Mohamed Abdi Hassan, l'un des pirates les plus célèbres de Somalie - voire du monde - tient plus de l'homme d'affaires que du vieux loup de mer.
Plus connu sous le nom de "Afweyne" ("Grande gueule" en langue somali), celui dont les hommes ont terrorisé l'océan Indien et récolté des millions de dollars de rançon assure que la piraterie est pour lui finie.
Il brandit une lettre, apparemment signée du bureau du précédent président somalien, qui fait de lui un "employé de la lutte anti-piraterie". Et dit avoir convaincu un millier de jeunes de troquer la flibuste pour un avenir plus constructif.
"J'ai de l'influence, je mobilise les communautés, les responsables religieux, les chefs coutumiers, les femmes (...) pour tenir les hommes loin des mers," dit-il devant une tasse de thé, dans un hôtel huppé de la capitale somalienne Mogadiscio.
L'an dernier, Afweyne, surnommé "Grande gueule" par sa mère parce qu'il pleurait beaucoup enfant, était encore décrit dans un rapport de l'ONU comme "l'un des dirigeants les plus tristement célèbre et les plus influents du réseau de piraterie Hobyo-Harardheere", l'une des deux principales organisations pirates somaliennes.
Ces dernières années, les pirates somaliens ont sévi jusqu'à plus de 3.500 km des côtes somaliennes.
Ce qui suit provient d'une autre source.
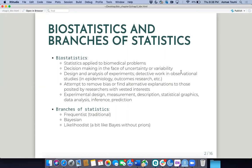The branches of statistics are frequentist, which is the most common one; Bayesian, which has picked up a lot of steam in recent years; and likelihoodist, which is a bit like Bayes without priors. I've never encountered a likelihood analysis called that in the wild — logistic regression uses log likelihood, or actually that's log odds, excuse me.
La Banque mondiale estime qu'entre 315 et 385 millions de dollars ont été payés en rançon depuis 2005 et que la piraterie somalienne a coûté 18 milliards de dollars par an au commerce mondial.
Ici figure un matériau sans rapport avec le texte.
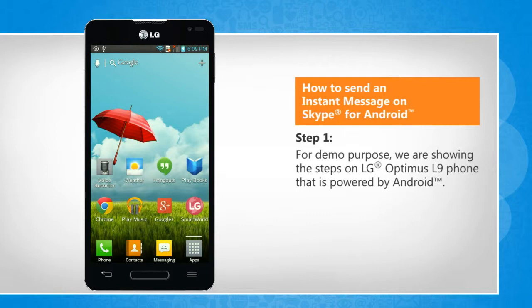For demo purpose, we are showing the steps on LG Optimus L9 phone that is powered by Android.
Dernièrement, la Chine, l'Union européenne, les Etats-Unis et la Russie ont déployé des forces navales pour protéger les navires marchands contraints d'emprunter la stratégique route maritime aux larges des côtes somaliennes.
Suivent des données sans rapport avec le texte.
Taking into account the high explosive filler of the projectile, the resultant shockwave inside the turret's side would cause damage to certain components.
Ces patrouilles ont contribué à faire baisser la piraterie. Mais Afweyne est convaincu qu'il faudra plus pour assécher le phénomène: il faut former les jeunes pour leur offrir un avenir.
Les plus cyniques avancent que "Grande gueule" a quitté les mers parce qu'il s'est fait assez d'argent et veut maintenant placer ses fonds. D'autres pensent qu'il est sensible à ce reproche fait aux pirates: ils ternissent la réputation de la Somalie, pays déjà ravagé par les luttes de clans et les groupes islamistes depuis 1991.
Quelles que soient ses motivations, son influence est certaine. Et l'ex-pirate peut s'avérer essentiel pour lutter contre la criminalité dans des régions - essentiellement les côtes nord-est de la région autonome du Puntland - qui échappent encore largement au contrôle de Mogadiscio.
Même si les pirates ont perdu du terrain récemment, le Bureau maritime international pointe toujours la dangerosité des eaux somaliennes : cinq bateaux et 77 otages restent aux mains de pirates qui multiplient désormais aussi les attaques à terre.